Data records
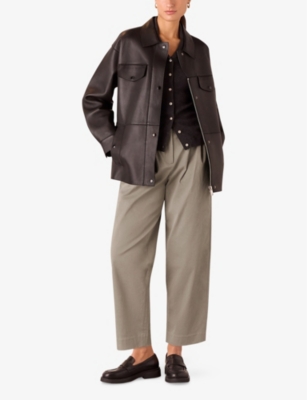 Whistles Womens Bethany Barrel-leg Woven Trousers Cream In Cream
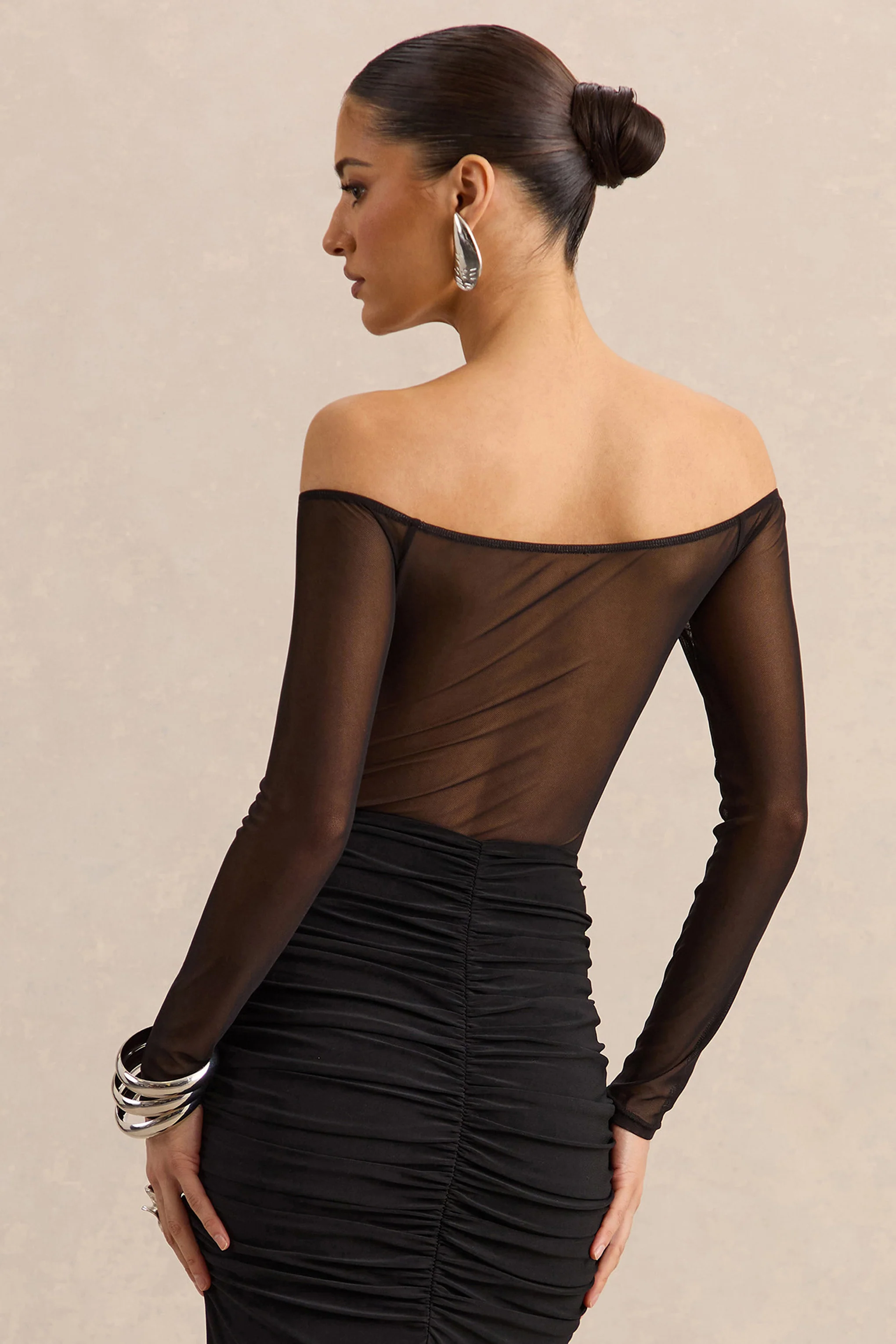 Maira | Zwarte Mesh Body Met Boot Hals - Image 2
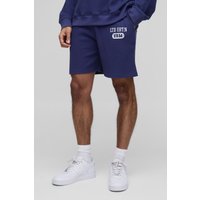 Mittellange Oversize Shorts in Waffeloptik - Blau - M, Blau Mittellange Oversize Shorts in Waffeloptik - Blau - M, Blau von boohooman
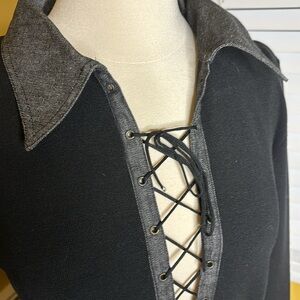 Private Label Lace Up Sweater with Grey Denim Collar/Cuffs NWT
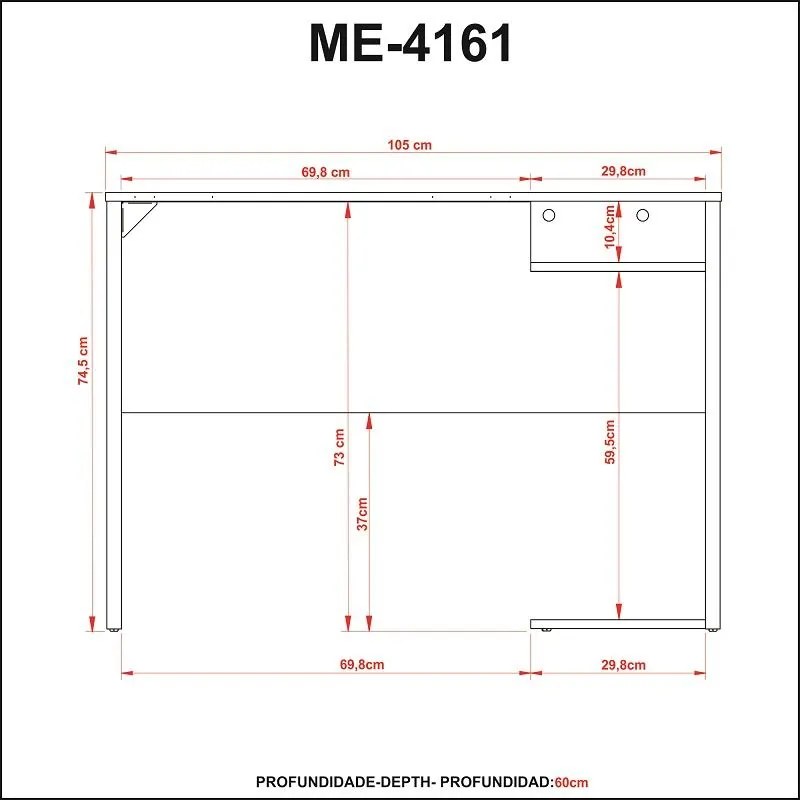 Mesa Gamer Escrivaninha Home Office Nicho Preto Vermelho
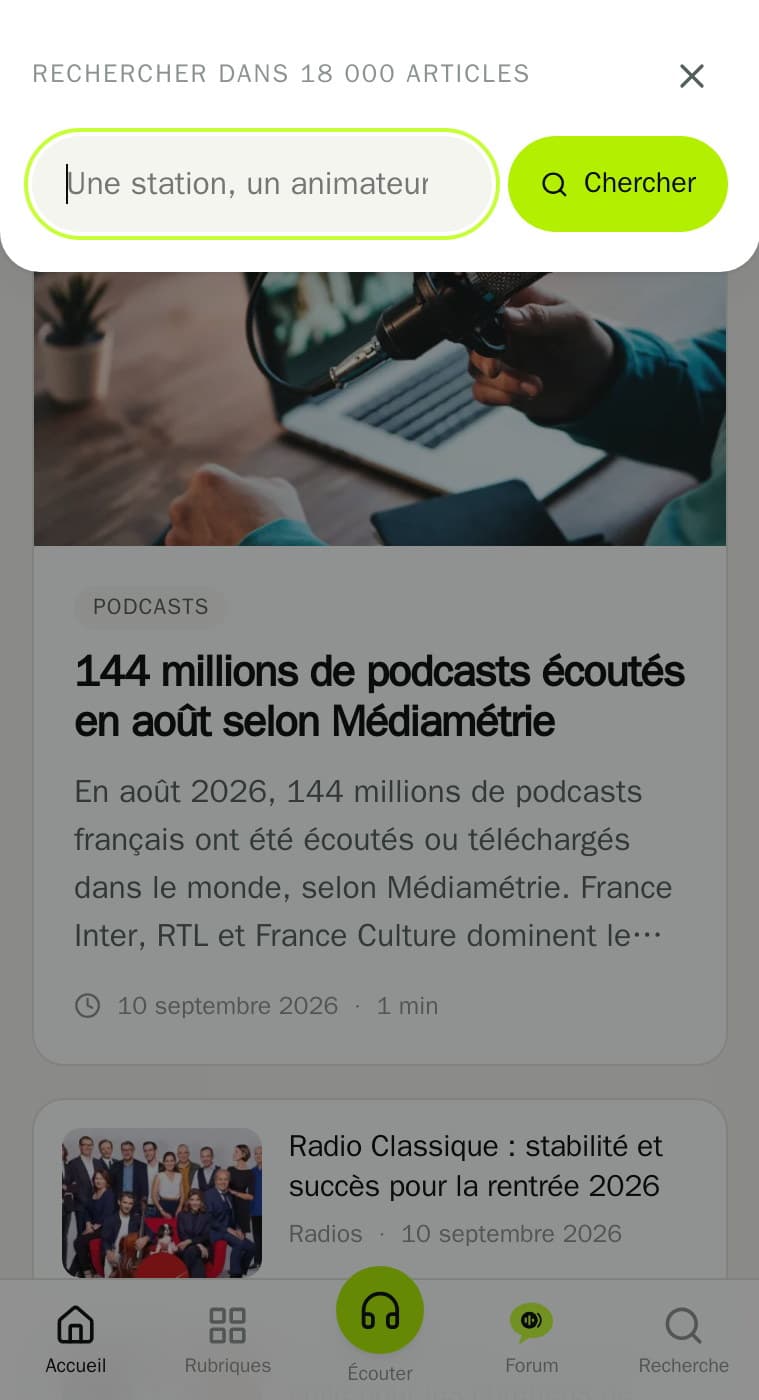 Menu mobile de radioactu.com, avec le champ de recherche dans les 18 000 articles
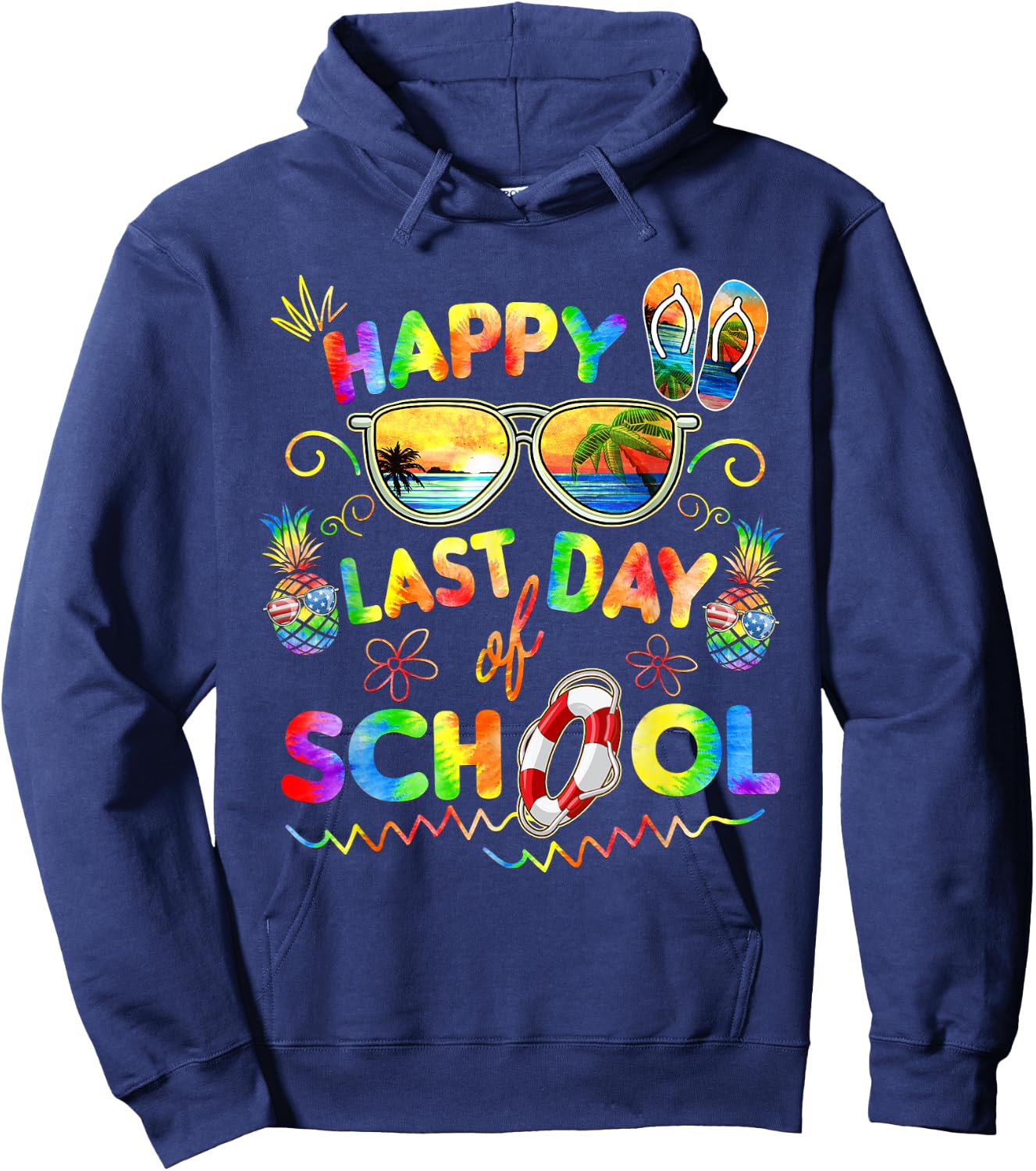 Happy Last Day of School Shirt Teachers End of Year Students Hoodie - Hoodie | Navy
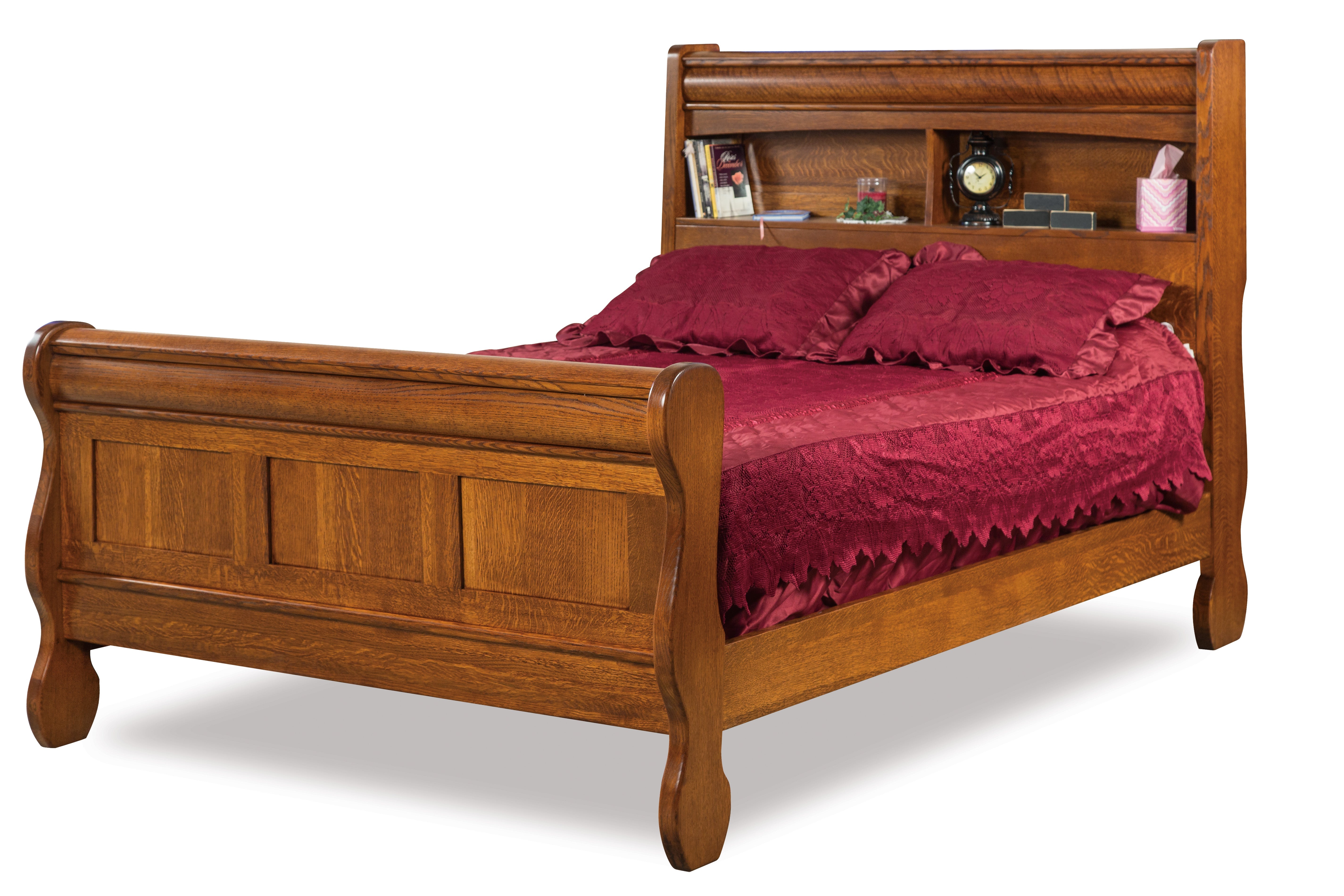 amish old classic sleigh bed with bookcase headboard in quarter sawn white oak with michaels cherry stain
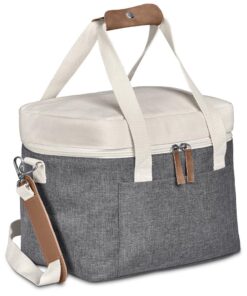 16 Can Cooler With Front Pocket With PU Zip Pullers, Shoulder Protector & Handle Protector – Cotton Canvas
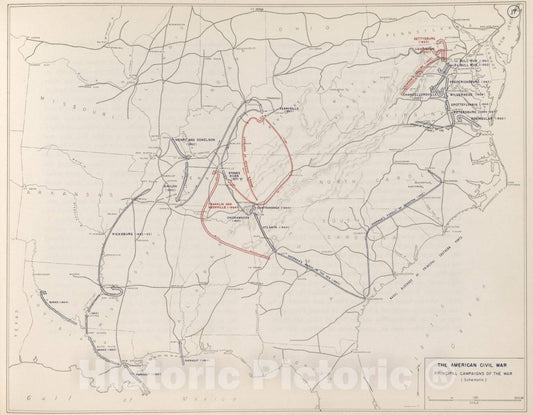 Historic 1959 Map - The West Point Atlas of American Wars - American Civil War - Principal campaigns of The war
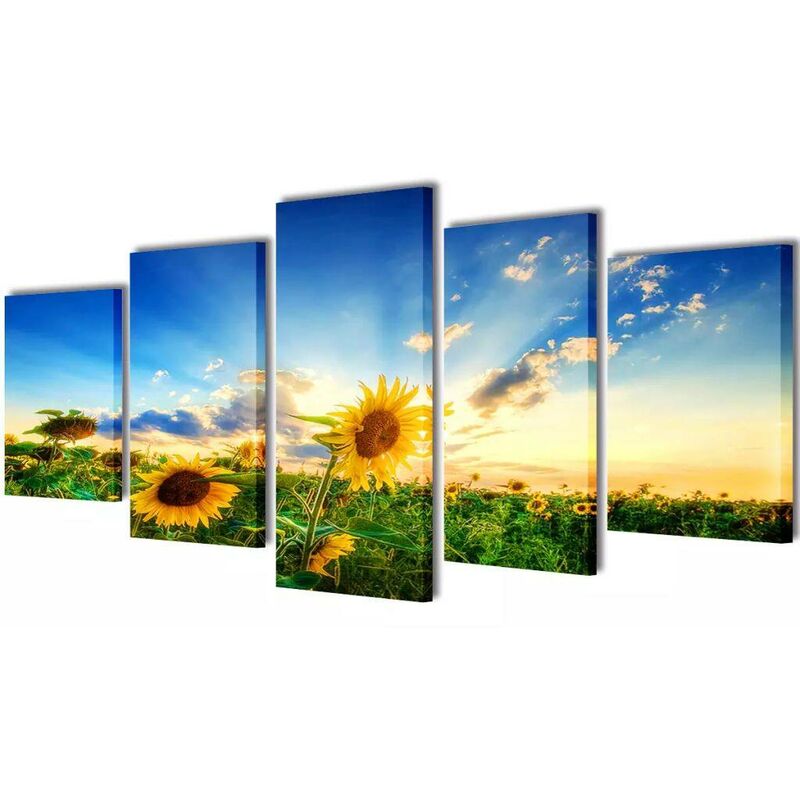 

Set decorativo de lienzos para la pared modelo girasoles, 100 x 50 cm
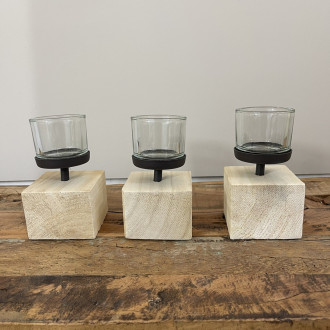 Photophore sur socle bois - Accueil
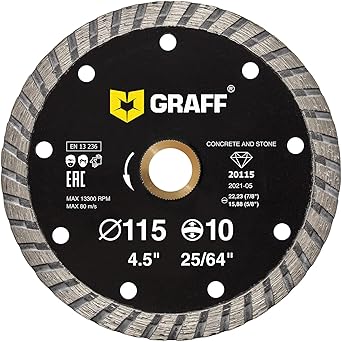 GRAFF 4 � Inch Diamond Blade for Angle Grinder - Diamond Cutting Wheel for Cutting Stone, Marble, Granite, Brick, Masonry, Paving Flag, Concrete - Turbo Diamond Saw Blades - 115 mm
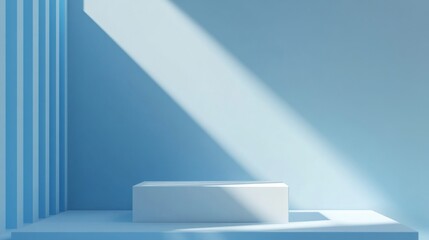 Fototapeta premium Cubic booth under geometric light and shadow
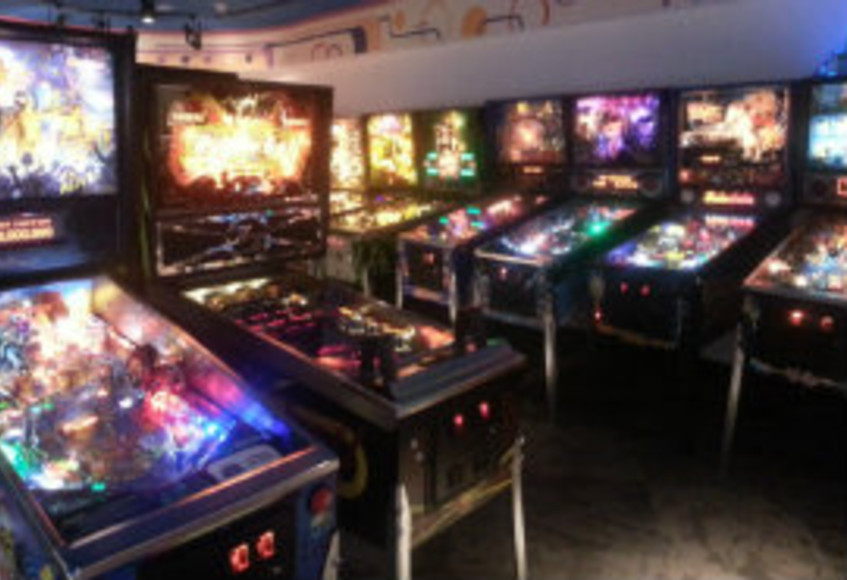 Fight the crowds aside in the pinball alley...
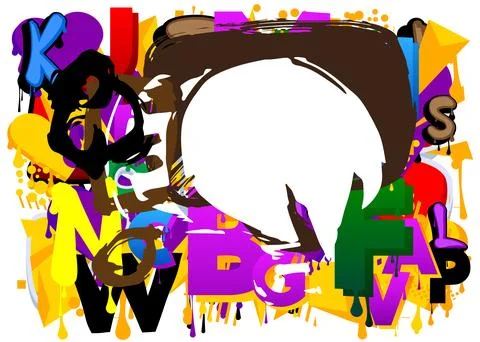 Graffiti speech bubble on colorful background. White abstract modern Messag.. Stock Illustration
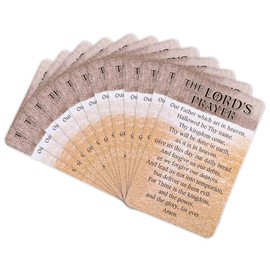 Dicksons KJV of The Lords Prayer, Tan/White 3.8 x 2.5 Inch Laminated Cardstock Pocket Card Bookmark; Pack of 12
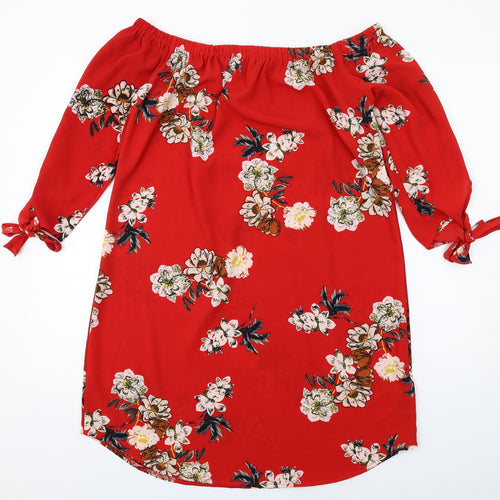 Cameo Rose Womens Red Floral Polyester A-Line Size 16 Off the Shoulder Pullover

TRY IT →
Each entry must be retyped word for word, with every image omitted.

EXERCISE ANSWER →
 Whistles Womens Bethany Barrel-leg Woven Trousers Cream In Cream
 Maira | Zwarte Mesh Body Met Boot Hals - Image 2
 Mittellange Oversize Shorts in Waffeloptik - Blau - M, Blau Mittellange Oversize Shorts in Waffeloptik - Blau - M, Blau von boohooman
 Private Label Lace Up Sweater with Grey Denim Collar/Cuffs NWT
 Mesa Gamer Escrivaninha Home Office Nicho Preto Vermelho
 Menu mobile de radioactu.com, avec le champ de recherche dans les 18 000 articles
 Happy Last Day of School Shirt Teachers End of Year Students Hoodie - Hoodie | Navy
 amish old classic sleigh bed with bookcase headboard in quarter sawn white oak with michaels cherry stain
 16 Can Cooler With Front Pocket With PU Zip Pullers, Shoulder Protector & Handle Protector – Cotton Canvas
 Historic 1959 Map - The West Point Atlas of American Wars - American Civil War - Principal campaigns of The war

Set decorativo de lienzos para la pared modelo girasoles, 100 x 50 cm
 Photophore sur socle bois - Accueil
 GRAFF 4 � Inch Diamond Blade for Angle Grinder - Diamond Cutting Wheel for Cutting Stone, Marble, Granite, Brick, Masonry, Paving Flag, Concrete - Turbo Diamond Saw Blades - 115 mm
 Fototapeta premium Cubic booth under geometric light and shadow
 Fight the crowds aside in the pinball alley...
 Graffiti speech bubble on colorful background. White abstract modern Messag.. Stock Illustration
 Dicksons KJV of The Lords Prayer, Tan/White 3.8 x 2.5 Inch Laminated Cardstock Pocket Card Bookmark; Pack of 12
 Cameo Rose Womens Red Floral Polyester A-Line Size 16 Off the Shoulder Pullover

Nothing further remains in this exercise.